Make an exact copy of the records, with the images left out.

*** Opening of Data extract ***

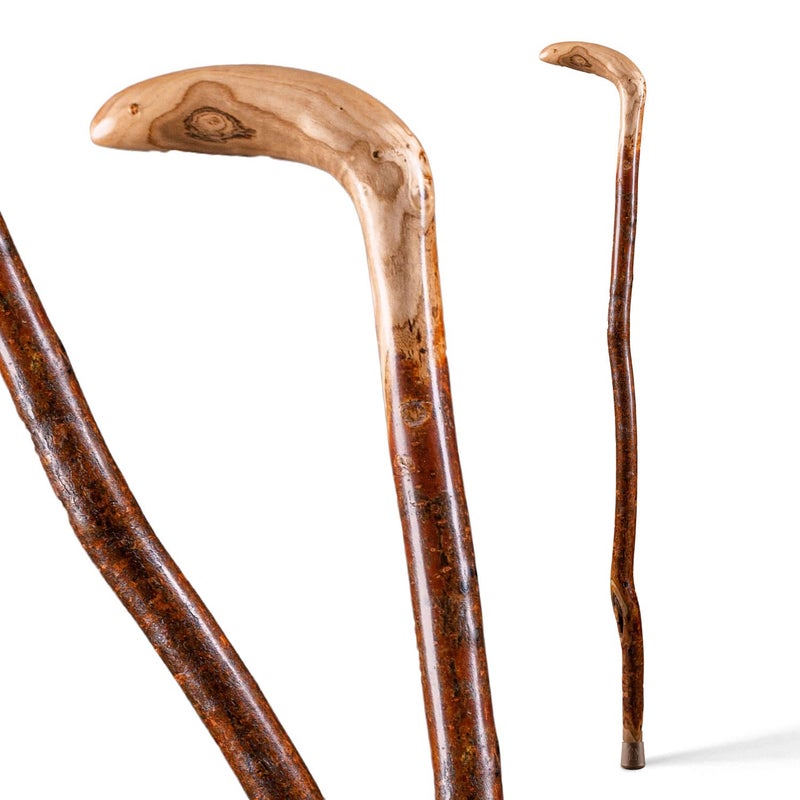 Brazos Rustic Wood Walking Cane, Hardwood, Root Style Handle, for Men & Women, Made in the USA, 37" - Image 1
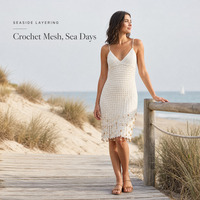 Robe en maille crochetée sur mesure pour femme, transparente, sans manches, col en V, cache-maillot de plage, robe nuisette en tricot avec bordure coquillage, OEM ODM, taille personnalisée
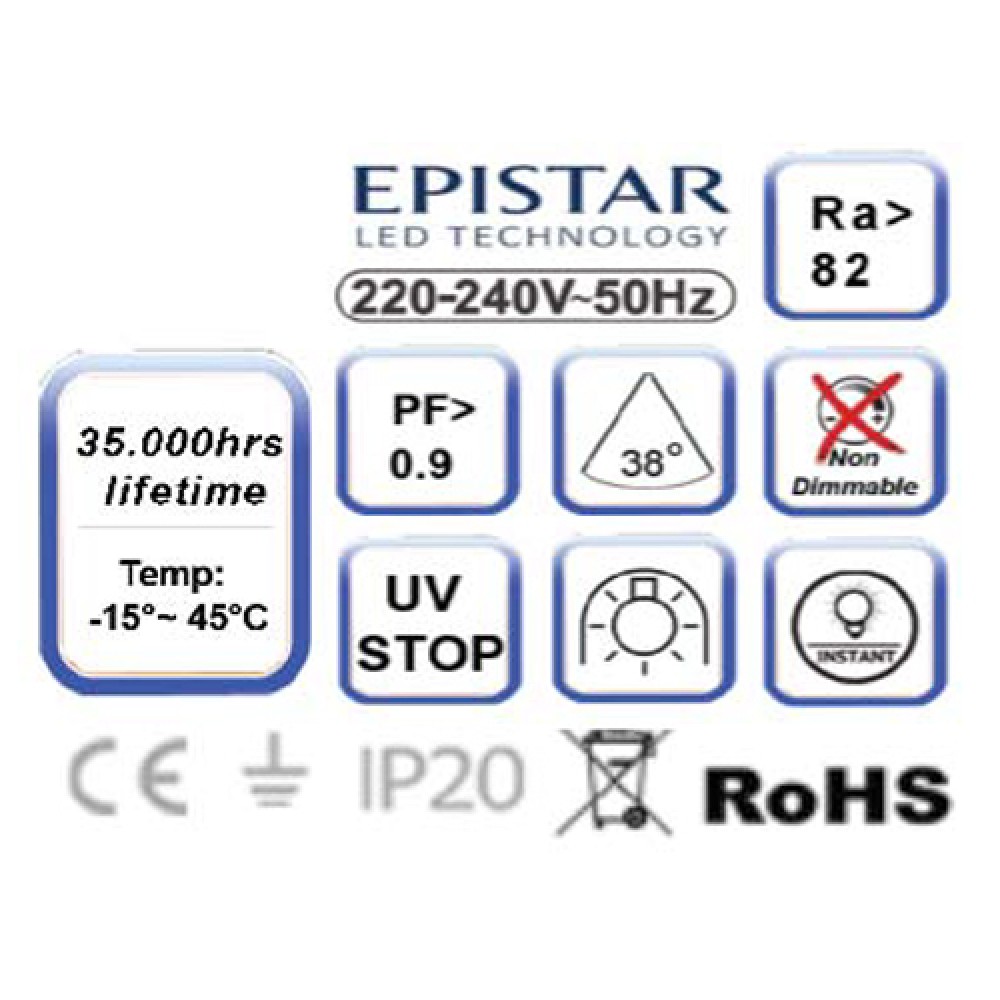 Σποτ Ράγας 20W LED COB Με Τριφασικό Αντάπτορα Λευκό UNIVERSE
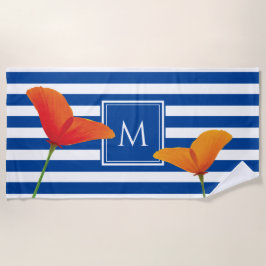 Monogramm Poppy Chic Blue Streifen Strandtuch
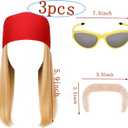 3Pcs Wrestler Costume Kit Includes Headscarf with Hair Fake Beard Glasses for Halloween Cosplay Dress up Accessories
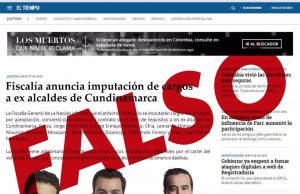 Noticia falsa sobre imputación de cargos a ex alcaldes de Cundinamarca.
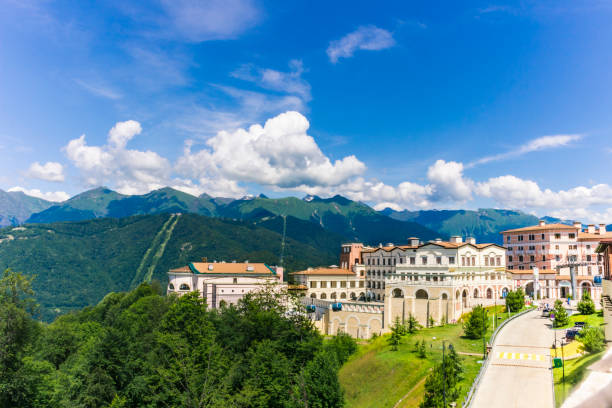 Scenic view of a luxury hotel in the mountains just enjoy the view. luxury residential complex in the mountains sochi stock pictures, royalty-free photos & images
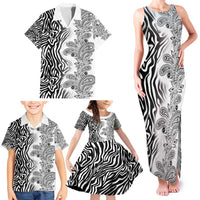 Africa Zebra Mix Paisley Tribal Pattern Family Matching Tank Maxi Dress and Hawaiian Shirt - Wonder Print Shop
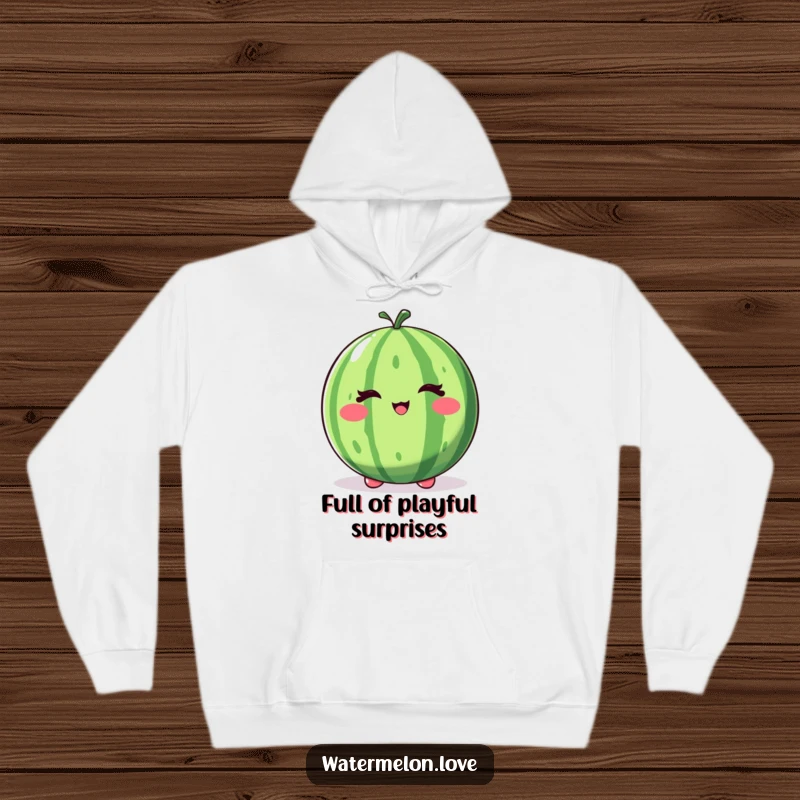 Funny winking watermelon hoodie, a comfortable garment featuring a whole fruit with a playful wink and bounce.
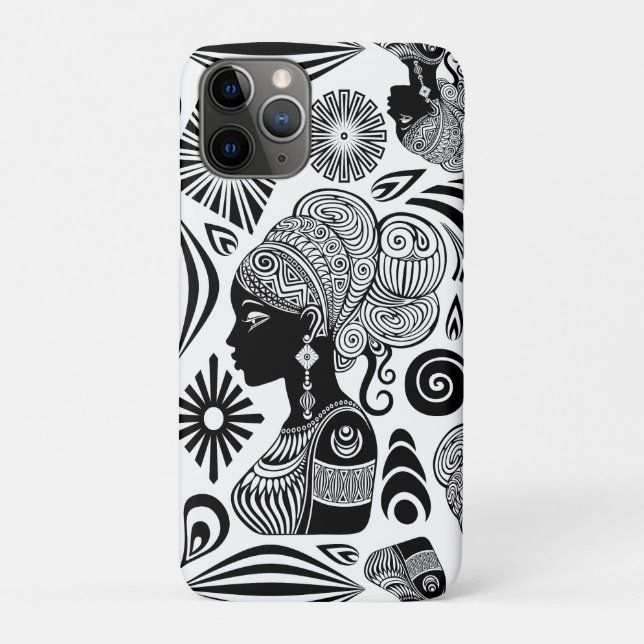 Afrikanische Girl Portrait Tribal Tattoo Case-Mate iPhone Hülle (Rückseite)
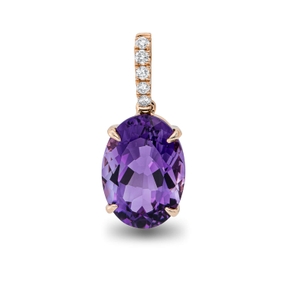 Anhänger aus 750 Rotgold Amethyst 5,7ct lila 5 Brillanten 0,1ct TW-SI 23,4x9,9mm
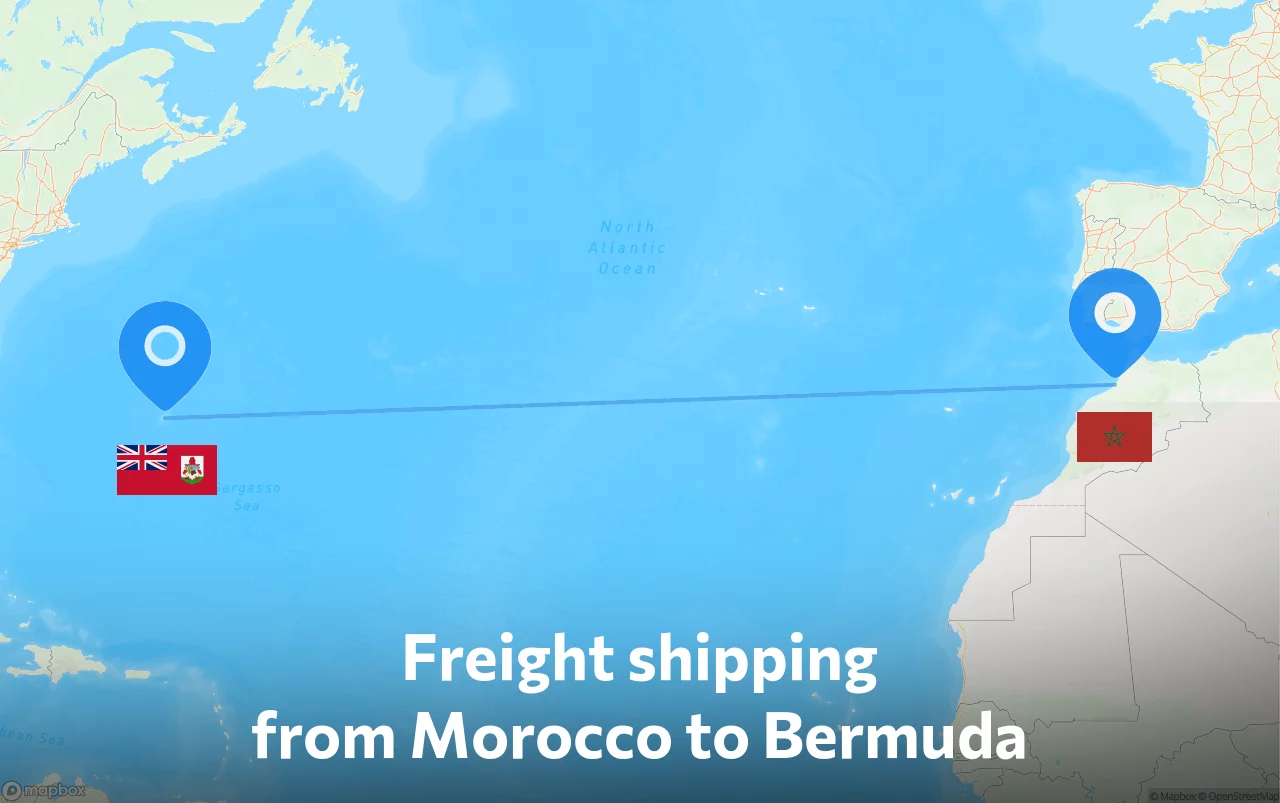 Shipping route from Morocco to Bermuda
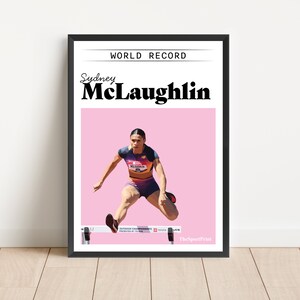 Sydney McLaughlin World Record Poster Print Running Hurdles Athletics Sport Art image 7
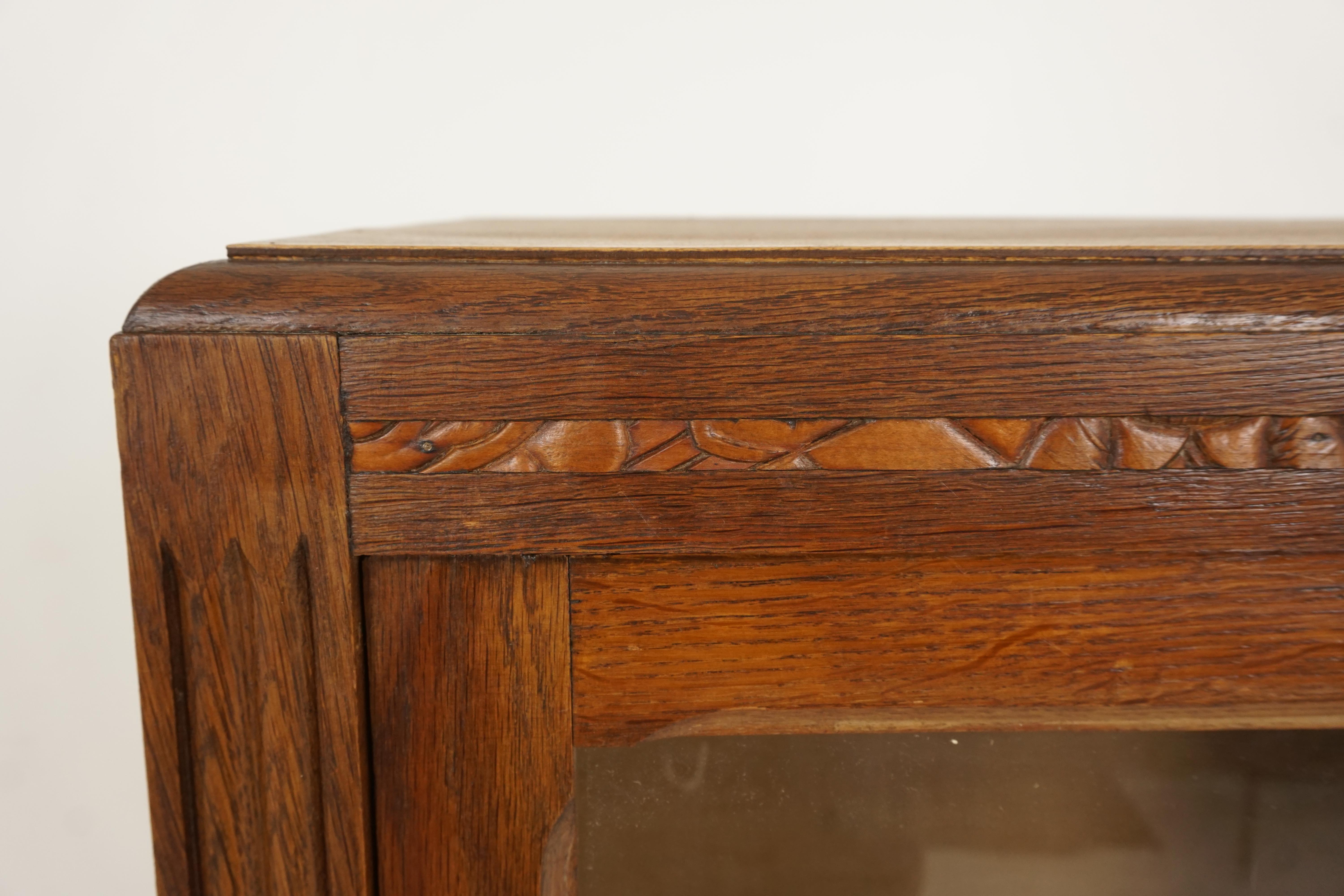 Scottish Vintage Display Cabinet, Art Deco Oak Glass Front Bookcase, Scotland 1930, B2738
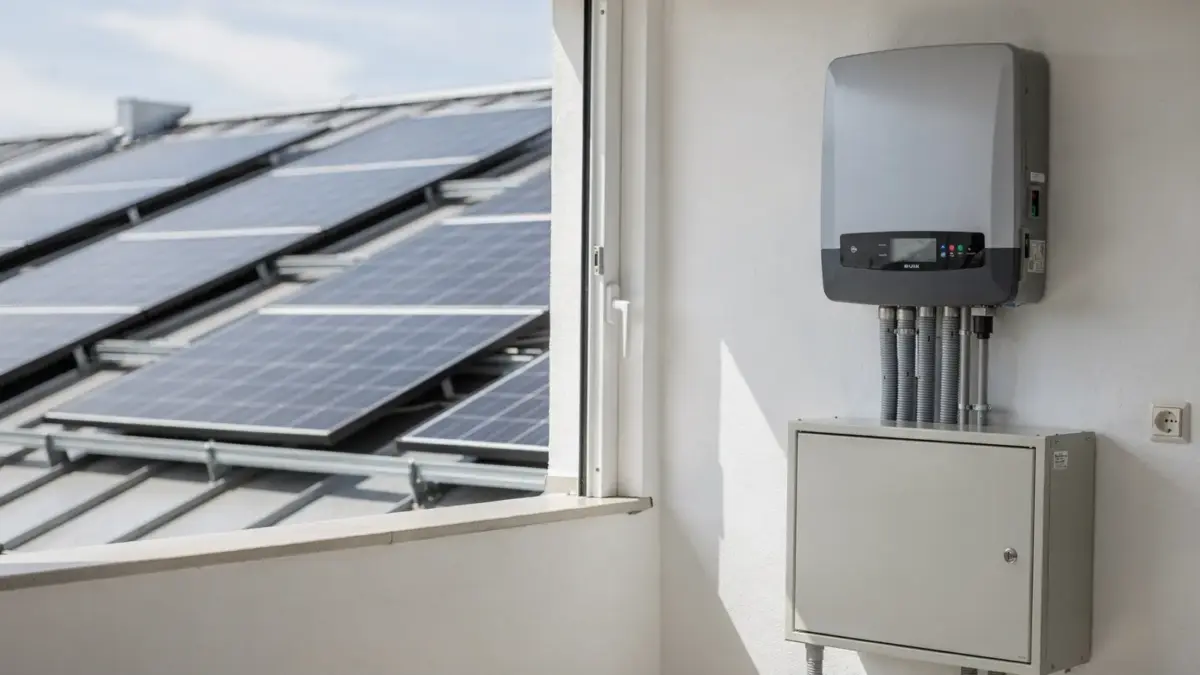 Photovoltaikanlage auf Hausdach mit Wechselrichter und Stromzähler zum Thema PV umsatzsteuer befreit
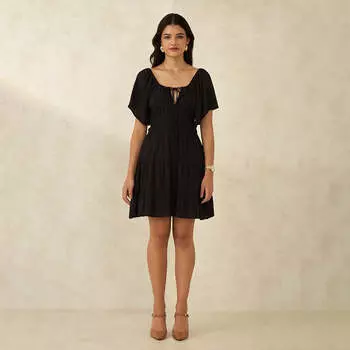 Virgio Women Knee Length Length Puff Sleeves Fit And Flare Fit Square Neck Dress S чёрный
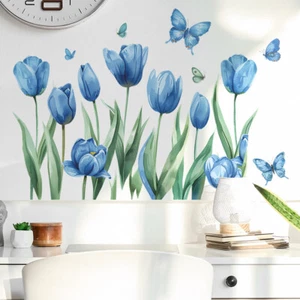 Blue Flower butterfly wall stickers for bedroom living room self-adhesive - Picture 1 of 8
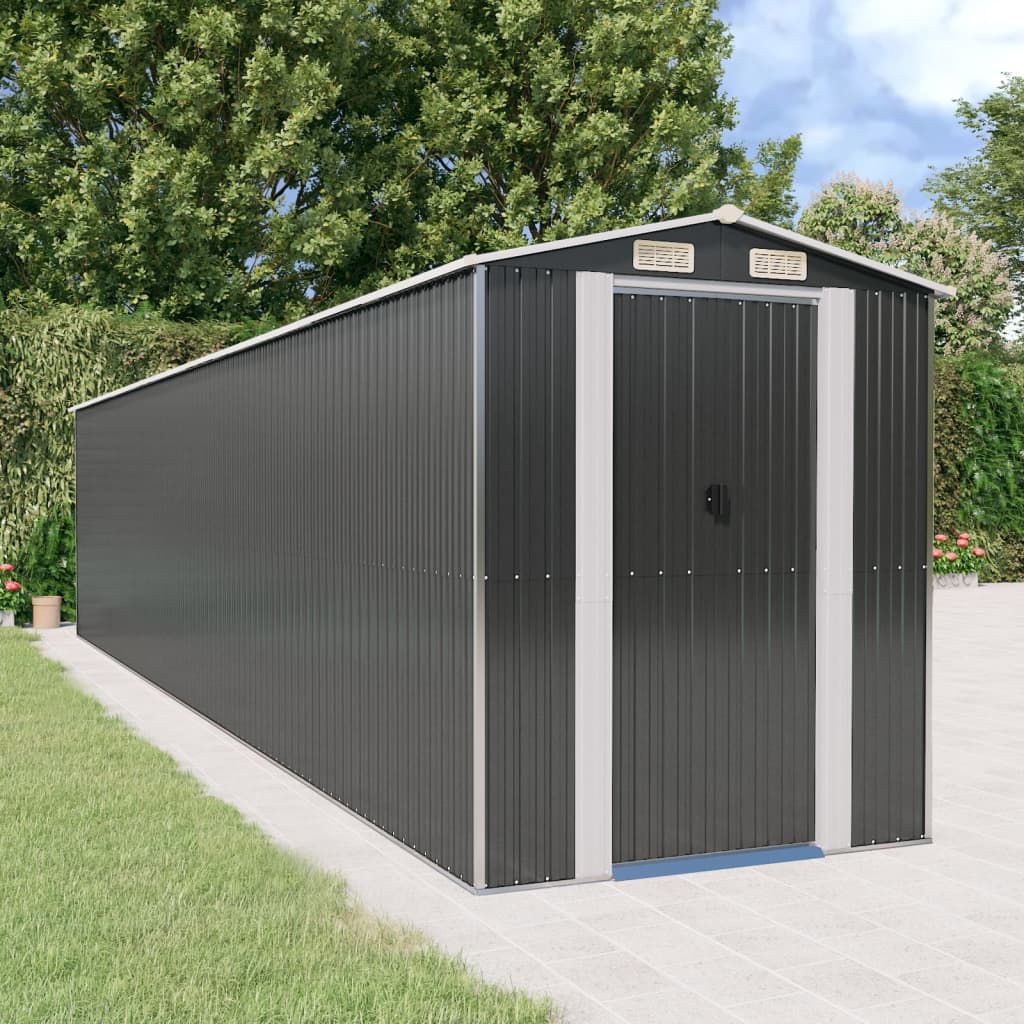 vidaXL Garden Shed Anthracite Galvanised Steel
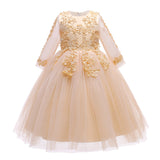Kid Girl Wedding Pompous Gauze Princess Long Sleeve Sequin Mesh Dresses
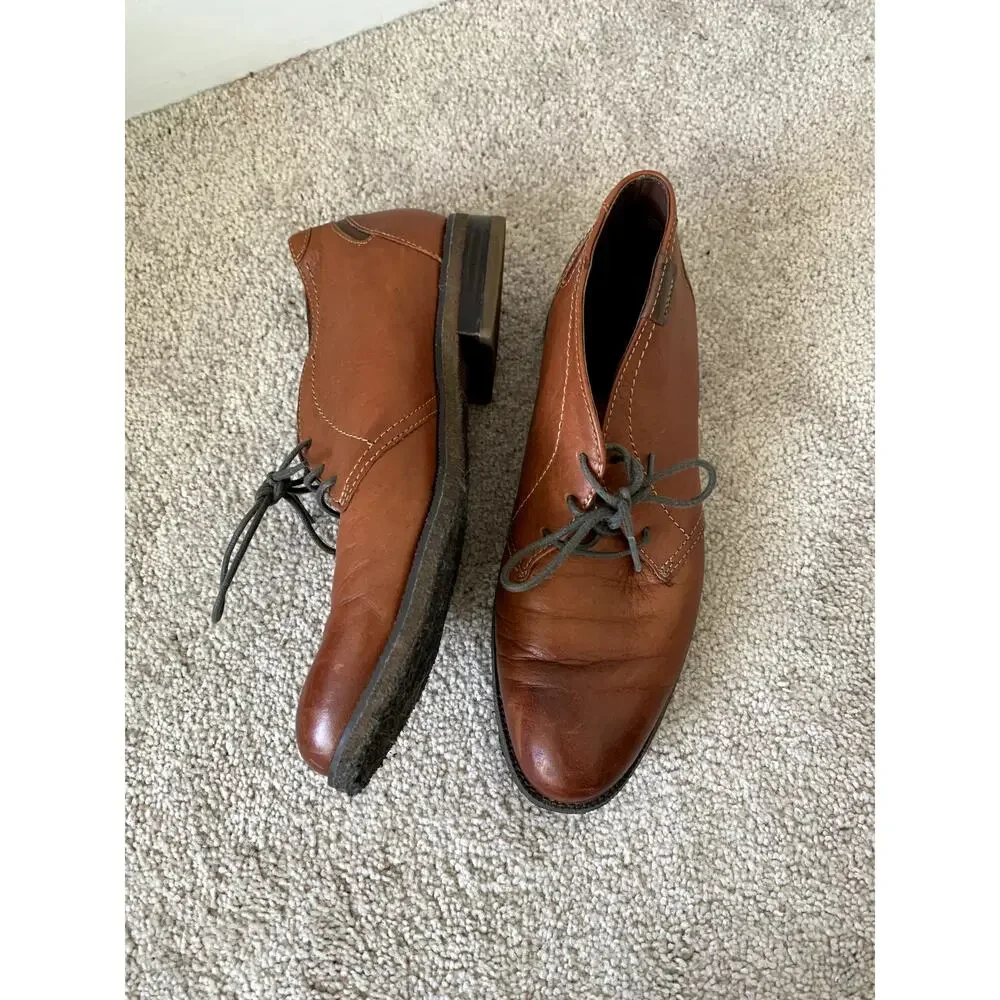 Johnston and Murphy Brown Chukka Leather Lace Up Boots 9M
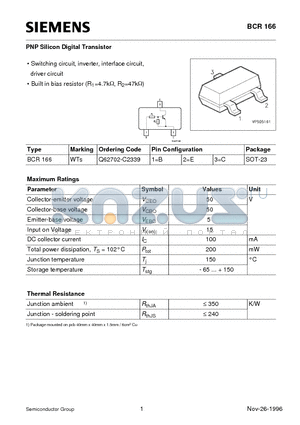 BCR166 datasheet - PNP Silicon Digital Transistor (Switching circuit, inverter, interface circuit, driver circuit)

*** Close of Data extract ***

**Answer**
 Brazos Rustic Wood Walking Cane, Hardwood, Root Style Handle, for Men & Women, Made in the USA, 37" - Image 1
 Robe en maille crochetée sur mesure pour femme, transparente, sans manches, col en V, cache-maillot de plage, robe nuisette en tricot avec bordure coquillage, OEM ODM, taille personnalisée
 Σποτ Ράγας 20W LED COB Με Τριφασικό Αντάπτορα Λευκό UNIVERSE
 Monogramm Poppy Chic Blue Streifen Strandtuch
 3Pcs Wrestler Costume Kit Includes Headscarf with Hair Fake Beard Glasses for Halloween Cosplay Dress up Accessories
 Noticia falsa sobre imputación de cargos a ex alcaldes de Cundinamarca.
 Scenic view of a luxury hotel in the mountains just enjoy the view. luxury residential complex in the mountains sochi stock pictures, royalty-free photos & images
 Africa Zebra Mix Paisley Tribal Pattern Family Matching Tank Maxi Dress and Hawaiian Shirt - Wonder Print Shop
 Funny winking watermelon hoodie, a comfortable garment featuring a whole fruit with a playful wink and bounce.
 Afrikanische Girl Portrait Tribal Tattoo Case-Mate iPhone Hülle (Rückseite)
 Anhänger aus 750 Rotgold Amethyst 5,7ct lila 5 Brillanten 0,1ct TW-SI 23,4x9,9mm
 Shipping route from Morocco to Bermuda
 Sydney McLaughlin World Record Poster Print Running Hurdles Athletics Sport Art image 7
 Scottish Vintage Display Cabinet, Art Deco Oak Glass Front Bookcase, Scotland 1930, B2738
 Photovoltaikanlage auf Hausdach mit Wechselrichter und Stromzähler zum Thema PV umsatzsteuer befreit
 Virgio Women Knee Length Length Puff Sleeves Fit And Flare Fit Square Neck Dress S чёрный
 Blue Flower butterfly wall stickers for bedroom living room self-adhesive - Picture 1 of 8
 vidaXL Garden Shed Anthracite Galvanised Steel
Kid Girl Wedding Pompous Gauze Princess Long Sleeve Sequin Mesh Dresses
 Johnston and Murphy Brown Chukka Leather Lace Up Boots 9M
 BCR166 datasheet - PNP Silicon Digital Transistor (Switching circuit, inverter, interface circuit, driver circuit)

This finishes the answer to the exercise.